In the records that follow, find the line with "Justin II (565-578). AV Solidus ..."; from there, retype every line exactly through the line with "Escritorio gaming huzaro", which also belongs to the answer.

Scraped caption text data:
******************************
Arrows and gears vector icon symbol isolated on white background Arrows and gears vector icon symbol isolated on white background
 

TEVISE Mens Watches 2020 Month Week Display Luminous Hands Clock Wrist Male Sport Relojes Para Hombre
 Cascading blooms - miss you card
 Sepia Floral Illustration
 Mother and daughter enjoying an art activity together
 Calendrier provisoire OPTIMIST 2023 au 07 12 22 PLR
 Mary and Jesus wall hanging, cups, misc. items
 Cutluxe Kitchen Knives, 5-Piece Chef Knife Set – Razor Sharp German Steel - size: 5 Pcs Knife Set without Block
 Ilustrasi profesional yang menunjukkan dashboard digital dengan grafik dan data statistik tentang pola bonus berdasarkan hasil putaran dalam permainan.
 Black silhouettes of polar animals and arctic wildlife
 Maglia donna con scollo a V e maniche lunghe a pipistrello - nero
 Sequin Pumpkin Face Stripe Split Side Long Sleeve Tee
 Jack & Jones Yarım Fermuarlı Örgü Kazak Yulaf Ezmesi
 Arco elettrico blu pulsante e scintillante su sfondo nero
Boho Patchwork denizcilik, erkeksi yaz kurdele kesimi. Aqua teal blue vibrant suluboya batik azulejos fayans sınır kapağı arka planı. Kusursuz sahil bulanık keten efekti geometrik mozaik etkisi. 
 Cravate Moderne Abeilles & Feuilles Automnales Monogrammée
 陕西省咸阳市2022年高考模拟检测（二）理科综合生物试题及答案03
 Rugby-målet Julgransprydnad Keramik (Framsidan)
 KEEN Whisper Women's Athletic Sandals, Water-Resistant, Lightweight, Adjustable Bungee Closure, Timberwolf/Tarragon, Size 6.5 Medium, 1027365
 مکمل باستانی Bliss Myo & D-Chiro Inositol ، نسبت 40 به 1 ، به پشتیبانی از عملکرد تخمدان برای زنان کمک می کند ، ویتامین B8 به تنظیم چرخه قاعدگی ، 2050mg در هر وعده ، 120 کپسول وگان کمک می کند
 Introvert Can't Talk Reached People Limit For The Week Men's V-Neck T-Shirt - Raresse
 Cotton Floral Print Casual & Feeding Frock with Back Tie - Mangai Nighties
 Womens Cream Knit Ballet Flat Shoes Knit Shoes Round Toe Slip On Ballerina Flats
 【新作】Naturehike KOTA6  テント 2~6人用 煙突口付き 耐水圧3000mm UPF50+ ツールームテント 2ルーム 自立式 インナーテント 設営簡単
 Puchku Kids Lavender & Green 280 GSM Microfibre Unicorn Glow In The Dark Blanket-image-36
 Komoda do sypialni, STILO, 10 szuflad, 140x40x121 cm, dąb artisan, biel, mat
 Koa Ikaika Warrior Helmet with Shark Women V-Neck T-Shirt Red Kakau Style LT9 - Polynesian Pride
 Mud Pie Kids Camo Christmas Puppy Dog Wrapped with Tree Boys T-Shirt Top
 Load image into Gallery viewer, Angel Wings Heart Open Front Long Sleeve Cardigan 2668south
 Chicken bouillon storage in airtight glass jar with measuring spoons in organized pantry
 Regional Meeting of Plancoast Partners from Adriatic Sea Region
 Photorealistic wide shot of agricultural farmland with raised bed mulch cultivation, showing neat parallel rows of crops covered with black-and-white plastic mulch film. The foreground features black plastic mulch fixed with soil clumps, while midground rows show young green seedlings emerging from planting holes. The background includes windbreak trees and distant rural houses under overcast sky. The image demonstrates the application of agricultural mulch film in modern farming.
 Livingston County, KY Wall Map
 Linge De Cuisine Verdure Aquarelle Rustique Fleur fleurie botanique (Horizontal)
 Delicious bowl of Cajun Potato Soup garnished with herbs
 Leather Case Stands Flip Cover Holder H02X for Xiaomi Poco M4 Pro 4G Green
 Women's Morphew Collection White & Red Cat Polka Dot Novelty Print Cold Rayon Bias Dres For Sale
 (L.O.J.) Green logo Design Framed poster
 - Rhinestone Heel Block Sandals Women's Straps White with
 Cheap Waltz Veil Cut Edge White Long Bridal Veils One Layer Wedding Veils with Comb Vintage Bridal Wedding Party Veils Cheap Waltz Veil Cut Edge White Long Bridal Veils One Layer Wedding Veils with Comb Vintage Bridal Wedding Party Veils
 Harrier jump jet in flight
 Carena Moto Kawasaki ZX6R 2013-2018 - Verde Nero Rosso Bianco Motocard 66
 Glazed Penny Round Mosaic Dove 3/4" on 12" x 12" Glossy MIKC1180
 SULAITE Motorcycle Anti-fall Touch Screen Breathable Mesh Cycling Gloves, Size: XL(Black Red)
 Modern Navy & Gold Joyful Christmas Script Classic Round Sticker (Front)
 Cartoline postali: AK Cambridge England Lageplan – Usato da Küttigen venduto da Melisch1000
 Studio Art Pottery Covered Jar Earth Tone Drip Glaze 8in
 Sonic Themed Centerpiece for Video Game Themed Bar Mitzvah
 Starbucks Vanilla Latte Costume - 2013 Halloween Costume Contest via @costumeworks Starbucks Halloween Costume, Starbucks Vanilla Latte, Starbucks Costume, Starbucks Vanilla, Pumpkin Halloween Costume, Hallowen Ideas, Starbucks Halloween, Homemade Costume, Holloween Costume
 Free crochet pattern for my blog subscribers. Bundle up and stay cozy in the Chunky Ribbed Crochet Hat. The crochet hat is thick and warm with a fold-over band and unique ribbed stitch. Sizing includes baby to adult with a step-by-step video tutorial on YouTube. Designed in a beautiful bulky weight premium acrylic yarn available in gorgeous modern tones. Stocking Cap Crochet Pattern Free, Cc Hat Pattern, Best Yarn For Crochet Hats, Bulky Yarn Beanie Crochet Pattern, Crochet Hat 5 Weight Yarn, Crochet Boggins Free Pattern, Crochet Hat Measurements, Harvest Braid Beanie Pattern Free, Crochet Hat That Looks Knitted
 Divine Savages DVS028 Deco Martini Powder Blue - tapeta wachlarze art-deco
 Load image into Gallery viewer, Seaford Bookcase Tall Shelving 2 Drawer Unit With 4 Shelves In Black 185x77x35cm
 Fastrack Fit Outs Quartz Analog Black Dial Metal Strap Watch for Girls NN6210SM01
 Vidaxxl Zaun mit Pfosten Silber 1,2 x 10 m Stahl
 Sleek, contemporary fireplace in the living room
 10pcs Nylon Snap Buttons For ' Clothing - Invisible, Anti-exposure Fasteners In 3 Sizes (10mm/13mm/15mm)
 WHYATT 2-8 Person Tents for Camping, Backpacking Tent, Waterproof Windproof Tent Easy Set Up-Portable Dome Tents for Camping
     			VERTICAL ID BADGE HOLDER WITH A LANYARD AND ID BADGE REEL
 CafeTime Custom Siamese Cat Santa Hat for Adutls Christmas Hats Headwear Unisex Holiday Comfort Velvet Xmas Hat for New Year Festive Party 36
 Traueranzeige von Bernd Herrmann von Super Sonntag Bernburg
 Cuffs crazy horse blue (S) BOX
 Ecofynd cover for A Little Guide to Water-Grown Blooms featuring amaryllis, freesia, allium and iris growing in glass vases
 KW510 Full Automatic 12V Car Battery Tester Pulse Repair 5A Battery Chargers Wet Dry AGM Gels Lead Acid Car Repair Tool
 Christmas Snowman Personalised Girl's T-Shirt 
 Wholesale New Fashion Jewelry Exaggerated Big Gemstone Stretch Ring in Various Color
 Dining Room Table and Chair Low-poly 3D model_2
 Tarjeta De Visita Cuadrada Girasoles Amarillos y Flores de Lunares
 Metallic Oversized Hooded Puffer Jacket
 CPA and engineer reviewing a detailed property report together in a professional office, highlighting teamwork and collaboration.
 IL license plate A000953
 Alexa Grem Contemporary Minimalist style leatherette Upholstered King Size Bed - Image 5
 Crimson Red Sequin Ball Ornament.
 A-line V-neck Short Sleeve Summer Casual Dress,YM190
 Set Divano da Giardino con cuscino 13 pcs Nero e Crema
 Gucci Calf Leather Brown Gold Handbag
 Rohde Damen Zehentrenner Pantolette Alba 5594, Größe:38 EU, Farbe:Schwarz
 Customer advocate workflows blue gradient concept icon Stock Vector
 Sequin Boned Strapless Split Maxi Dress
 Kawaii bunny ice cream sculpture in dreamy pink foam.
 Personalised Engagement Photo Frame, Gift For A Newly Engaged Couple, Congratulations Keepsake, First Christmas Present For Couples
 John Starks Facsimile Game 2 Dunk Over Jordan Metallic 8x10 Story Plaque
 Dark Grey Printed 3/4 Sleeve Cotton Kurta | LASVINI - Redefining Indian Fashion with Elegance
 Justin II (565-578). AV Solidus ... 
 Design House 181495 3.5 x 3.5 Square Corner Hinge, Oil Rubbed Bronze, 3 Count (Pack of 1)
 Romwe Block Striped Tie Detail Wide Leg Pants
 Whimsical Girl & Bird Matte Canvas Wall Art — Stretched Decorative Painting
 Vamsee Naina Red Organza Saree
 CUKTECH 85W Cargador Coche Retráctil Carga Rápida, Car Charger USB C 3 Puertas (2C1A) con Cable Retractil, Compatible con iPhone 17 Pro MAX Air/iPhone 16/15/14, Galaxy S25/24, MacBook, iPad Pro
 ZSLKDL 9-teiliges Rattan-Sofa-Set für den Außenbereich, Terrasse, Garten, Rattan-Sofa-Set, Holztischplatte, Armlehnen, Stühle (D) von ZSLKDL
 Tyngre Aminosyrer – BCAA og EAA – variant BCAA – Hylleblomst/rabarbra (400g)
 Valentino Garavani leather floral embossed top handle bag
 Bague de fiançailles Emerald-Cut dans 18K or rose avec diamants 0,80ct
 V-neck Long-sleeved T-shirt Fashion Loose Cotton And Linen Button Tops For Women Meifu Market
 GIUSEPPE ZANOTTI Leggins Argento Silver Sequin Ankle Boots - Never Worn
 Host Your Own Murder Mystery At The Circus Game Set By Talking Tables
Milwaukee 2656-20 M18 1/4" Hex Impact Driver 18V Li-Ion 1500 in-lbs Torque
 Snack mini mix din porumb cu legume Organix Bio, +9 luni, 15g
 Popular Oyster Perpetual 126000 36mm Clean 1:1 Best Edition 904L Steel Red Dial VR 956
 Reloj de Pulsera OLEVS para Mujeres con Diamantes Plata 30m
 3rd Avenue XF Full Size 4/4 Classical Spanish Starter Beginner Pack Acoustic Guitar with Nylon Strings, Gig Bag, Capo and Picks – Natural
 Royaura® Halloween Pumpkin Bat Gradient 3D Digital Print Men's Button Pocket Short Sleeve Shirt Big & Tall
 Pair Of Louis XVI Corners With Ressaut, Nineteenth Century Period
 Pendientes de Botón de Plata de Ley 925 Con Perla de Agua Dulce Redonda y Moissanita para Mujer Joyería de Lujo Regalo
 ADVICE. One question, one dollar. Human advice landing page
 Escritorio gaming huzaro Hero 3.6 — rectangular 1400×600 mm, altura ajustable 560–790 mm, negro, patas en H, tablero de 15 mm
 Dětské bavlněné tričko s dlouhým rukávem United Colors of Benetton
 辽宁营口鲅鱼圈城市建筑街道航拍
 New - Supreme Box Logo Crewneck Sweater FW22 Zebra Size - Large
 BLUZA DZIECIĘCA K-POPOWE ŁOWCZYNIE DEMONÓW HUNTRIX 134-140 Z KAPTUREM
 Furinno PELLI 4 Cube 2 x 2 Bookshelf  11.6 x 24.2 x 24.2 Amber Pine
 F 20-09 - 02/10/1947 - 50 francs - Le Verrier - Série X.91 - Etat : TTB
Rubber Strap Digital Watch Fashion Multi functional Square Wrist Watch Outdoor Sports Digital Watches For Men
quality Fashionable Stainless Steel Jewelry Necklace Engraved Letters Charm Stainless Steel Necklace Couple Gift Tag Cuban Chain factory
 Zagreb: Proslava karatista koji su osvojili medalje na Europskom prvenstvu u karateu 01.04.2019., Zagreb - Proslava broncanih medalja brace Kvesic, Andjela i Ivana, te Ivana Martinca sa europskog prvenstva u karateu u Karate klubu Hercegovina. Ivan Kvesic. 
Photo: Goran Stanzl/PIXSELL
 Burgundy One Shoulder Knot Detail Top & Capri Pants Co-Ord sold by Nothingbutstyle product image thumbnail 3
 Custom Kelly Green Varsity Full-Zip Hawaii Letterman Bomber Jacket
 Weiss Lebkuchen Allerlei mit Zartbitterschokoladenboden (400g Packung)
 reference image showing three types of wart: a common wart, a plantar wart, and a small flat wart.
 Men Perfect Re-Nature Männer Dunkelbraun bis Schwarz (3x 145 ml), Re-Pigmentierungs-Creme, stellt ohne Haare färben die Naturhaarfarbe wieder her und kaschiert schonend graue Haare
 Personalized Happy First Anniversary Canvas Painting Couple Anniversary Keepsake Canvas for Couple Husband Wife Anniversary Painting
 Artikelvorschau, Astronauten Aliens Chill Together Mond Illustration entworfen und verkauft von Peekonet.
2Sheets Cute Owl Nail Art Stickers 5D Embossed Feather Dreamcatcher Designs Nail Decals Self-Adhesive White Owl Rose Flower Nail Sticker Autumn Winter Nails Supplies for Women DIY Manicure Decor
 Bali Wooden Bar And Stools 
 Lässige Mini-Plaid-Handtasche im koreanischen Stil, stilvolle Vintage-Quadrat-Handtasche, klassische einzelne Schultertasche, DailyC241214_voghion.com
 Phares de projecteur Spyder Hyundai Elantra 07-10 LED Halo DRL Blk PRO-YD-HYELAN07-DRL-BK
******************************
*Completed exercise:*
 Justin II (565-578). AV Solidus ... 
 Design House 181495 3.5 x 3.5 Square Corner Hinge, Oil Rubbed Bronze, 3 Count (Pack of 1)
 Romwe Block Striped Tie Detail Wide Leg Pants
 Whimsical Girl & Bird Matte Canvas Wall Art — Stretched Decorative Painting
 Vamsee Naina Red Organza Saree
 CUKTECH 85W Cargador Coche Retráctil Carga Rápida, Car Charger USB C 3 Puertas (2C1A) con Cable Retractil, Compatible con iPhone 17 Pro MAX Air/iPhone 16/15/14, Galaxy S25/24, MacBook, iPad Pro
 ZSLKDL 9-teiliges Rattan-Sofa-Set für den Außenbereich, Terrasse, Garten, Rattan-Sofa-Set, Holztischplatte, Armlehnen, Stühle (D) von ZSLKDL
 Tyngre Aminosyrer – BCAA og EAA – variant BCAA – Hylleblomst/rabarbra (400g)
 Valentino Garavani leather floral embossed top handle bag
 Bague de fiançailles Emerald-Cut dans 18K or rose avec diamants 0,80ct
 V-neck Long-sleeved T-shirt Fashion Loose Cotton And Linen Button Tops For Women Meifu Market
 GIUSEPPE ZANOTTI Leggins Argento Silver Sequin Ankle Boots - Never Worn
 Host Your Own Murder Mystery At The Circus Game Set By Talking Tables
Milwaukee 2656-20 M18 1/4" Hex Impact Driver 18V Li-Ion 1500 in-lbs Torque
 Snack mini mix din porumb cu legume Organix Bio, +9 luni, 15g
 Popular Oyster Perpetual 126000 36mm Clean 1:1 Best Edition 904L Steel Red Dial VR 956
 Reloj de Pulsera OLEVS para Mujeres con Diamantes Plata 30m
 3rd Avenue XF Full Size 4/4 Classical Spanish Starter Beginner Pack Acoustic Guitar with Nylon Strings, Gig Bag, Capo and Picks – Natural
 Royaura® Halloween Pumpkin Bat Gradient 3D Digital Print Men's Button Pocket Short Sleeve Shirt Big & Tall
 Pair Of Louis XVI Corners With Ressaut, Nineteenth Century Period
 Pendientes de Botón de Plata de Ley 925 Con Perla de Agua Dulce Redonda y Moissanita para Mujer Joyería de Lujo Regalo
 ADVICE. One question, one dollar. Human advice landing page
 Escritorio gaming huzaro Hero 3.6 — rectangular 1400×600 mm, altura ajustable 560–790 mm, negro, patas en H, tablero de 15 mm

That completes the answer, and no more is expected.